Scientific research is time-consuming and complex. Even with AI helping in some areas, there hasn't been a system that can handle the entire research process from start to finish without human intervention.
What's the solution?
The researchers created Dolphin, an AI system that works in a loop. It starts by generating new research ideas based on existing papers. Then, it writes and debugs code to test these ideas. Finally, it analyzes the results and uses what it learned to come up with even better ideas for the next round. This process repeats, allowing Dolphin to continuously improve its research.
Why it matters?
This matters because it could revolutionize how scientific research is done.
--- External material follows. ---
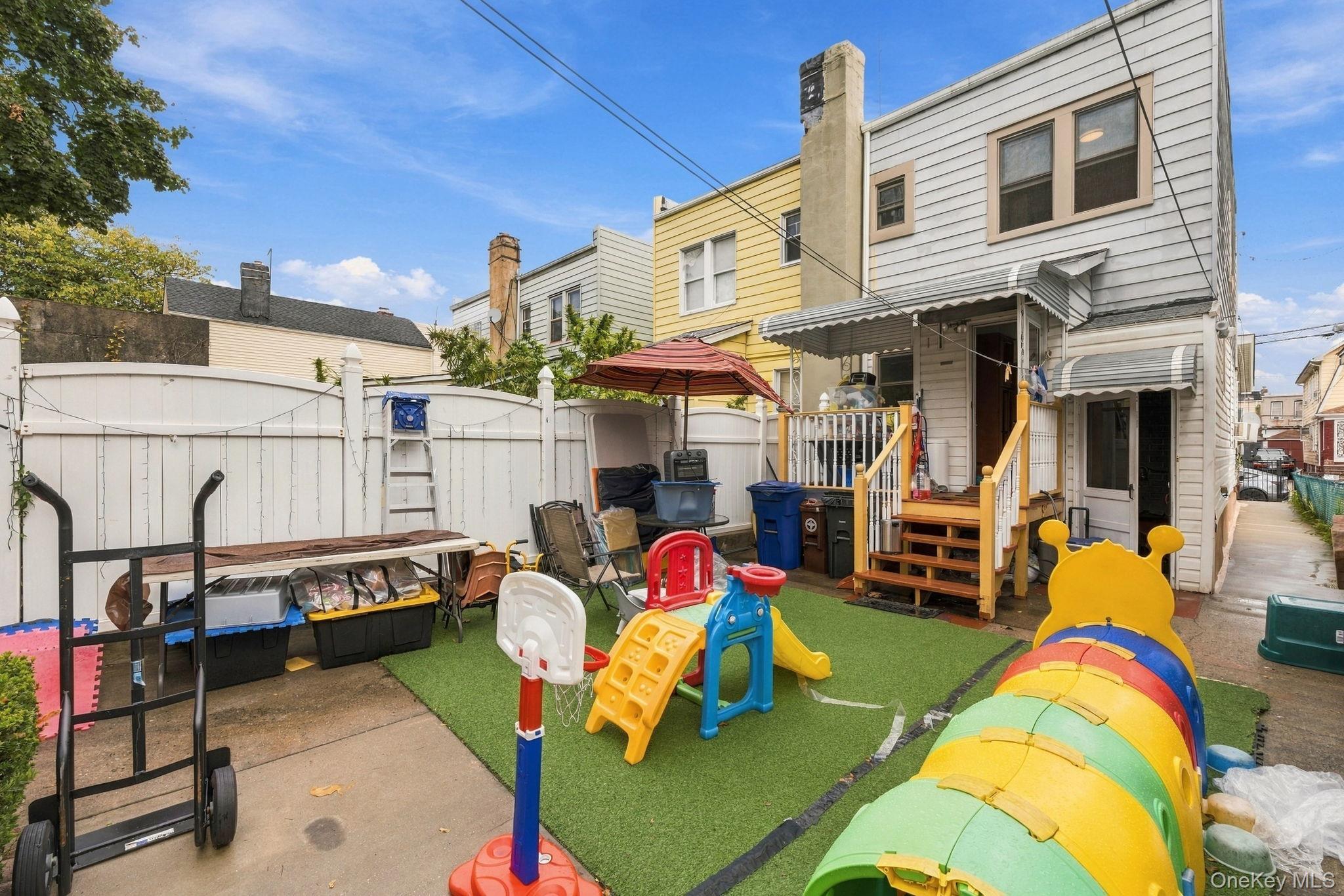 290 E 37th Street thumbnail 3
Dolphin can work much faster than humans and doesn't need breaks, potentially speeding up scientific discoveries. It's already as good as humans at some tasks, like classifying 2D images and 3D points. In the future, systems like Dolphin could help solve complex problems in science and technology more quickly, leading to faster progress in many fields.
Abstract
The scientific research paradigm is undergoing a profound transformation owing to the development of Artificial Intelligence (AI). Recent works demonstrate that various AI-assisted research methods can largely improve research efficiency by improving data analysis, accelerating computation, and fostering novel idea generation. To further move towards the ultimate goal (i.e., automatic scientific research), in this paper, we propose Dolphin, the first closed-loop open-ended auto-research framework to further build the entire process of human scientific research. Dolphin can generate research ideas, perform experiments, and get feedback from experimental results to generate higher-quality ideas. More specifically, Dolphin first generates novel ideas based on relevant papers which are ranked by the topic and task attributes. Then, the codes are automatically generated and debugged with the exception-traceback-guided local code structure. Finally, Dolphin automatically analyzes the results of each idea and feeds the results back to the next round of idea generation. Experiments are conducted on the benchmark datasets of different topics and results show that Dolphin can generate novel ideas continuously and complete the experiment in a loop. We highlight that Dolphin can automatically propose methods that are comparable to the state-of-the-art in some tasks such as 2D image classification and 3D point classification.